Having had a few hours to think about, I think removing the bad characters in the same way we do for isolated surrogates and U+FFFE and U+FFFF is the right thing to do.
The "bad characters" with the rationale would be:
U+0000 to U+0008 : C0 Control characters, banned by XML. U+000B to U+000C : C0 Control characters, banned by XML. U+000E to U+001F : Again, C0 control characters, banned by XML. U+007F to U+007F : The "Delete" character. Banned by HTML as numeric escape. Potential for misuse to hide information. U+0080 to U+0084 : C1 control character discouraged by XML. Banned as HTML numeric escape. U+0085 to U+0085 : The EBCDIC "next line" character. Banned as HTML numeric escape. U+0086 to U+009F : Remaining C1 control characters. Discouraged by XML, banned as HTML numeric escape. U+D800 to U+DFFF : Surrogates. Bad only if not part of a surrogate pair. U+FDD0 to U+FDEF : Non-characters. U+FFFE to U+FFFF : Non-characters U+_p_FFFE to U+_p_FFFF : (Where p is a supplemental plane from 0x01 to 0x10) Non characters
Additionally:
U+0085 : Whilst not discouraged by XML, there is no consistent definition of how the character should be handled. Some assume it is badly encoded Windows-1252 and show an ellipsis. Some recognise it is a new line, some just as white space. As there is no clear use for U+0085, I believe any usage of it can be viewed with suspicion, and therefore it should be elided.
U+000D : HTML bans this as a numeric escape, but if used as a raw CR it becomes an attack vector in systems where it is treated as a Carriage Return and not a New Line. The carriage return moves the output point back to the start of the line and allows overwriting of data. Whilst not a problem in HTML, this is a problem as a log-file injection.
I believe that it would be best to normalize newlines as described here: https://infra.spec.whatwg.org/#normalize-newlines
This removes all occurrences of U+000D without changing the meaning of the HTML.
So my proposal is to normalize newlines and then remove anything on the list of "bad characters" above.
How does that sound as a solution?
Ok. I guess as long as the way it's done does not affect the HTML renderer then I expect that it won't cause much fallout.
Then we can focus testing on token merging conflicts as where Ø
in the below is replaced with a banned char:
<Øscript>
<sØcript ="">
<oØbject>
<a title=Øonclick=alert(1)>
<a href="javascript&Ø#58;alert(1)">a</a>
Newline normalizing sounds good.

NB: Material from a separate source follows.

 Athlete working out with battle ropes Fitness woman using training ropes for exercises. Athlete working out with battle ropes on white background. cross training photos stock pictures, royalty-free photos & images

I think a few tests for CRLF vs CR should do fine.
It might be worth updating the fuzzer test so that the fragments it splices around include a banned character and a U+D. That's a pretty terrible fuzzer, but it's saved me from releasing bugs into prod before.
Thanks for taking this on.
I have created a pull request for my proposed fix. I have scattered comments on the proposed code changes to explain my thinking.
Thanks. I see #225
The HTML living standard ( https://html.spec.whatwg.org/multipage/syntax.html#character-references ) states:
However, non-characters from the supplemental planes are encoded numerically.
The code:
Produces: ""
I see two possible simple possible solutions, but I am loathe to recommend either one:
First the characters could be elided in line with the elision of U+FFFE and U+FFFF. This produces a strange botch that is not required by the rules of HTML nor XML, and I don't like it.
Alternatively, the character is allowed if it is not numerically escaped and the noncharacters U+FDD0 to U+FDEF are presented unescaped - so consistency with other non-characters would produce legal HTML. However, all other supplemental code points are represented by numeric escapes to avoid corruption when converting between unicode encodings. I am not happy with introducing special cases for these supplemental code points.
More complex solutions would be to introduce a policy for handling of the "discouraged" characters defined in https://www.w3.org/TR/2008/REC-xml-20081126/#charsets.
I am happy to put the time into creating a fix and test cases, but I need guidance as to what is the "correct" solution.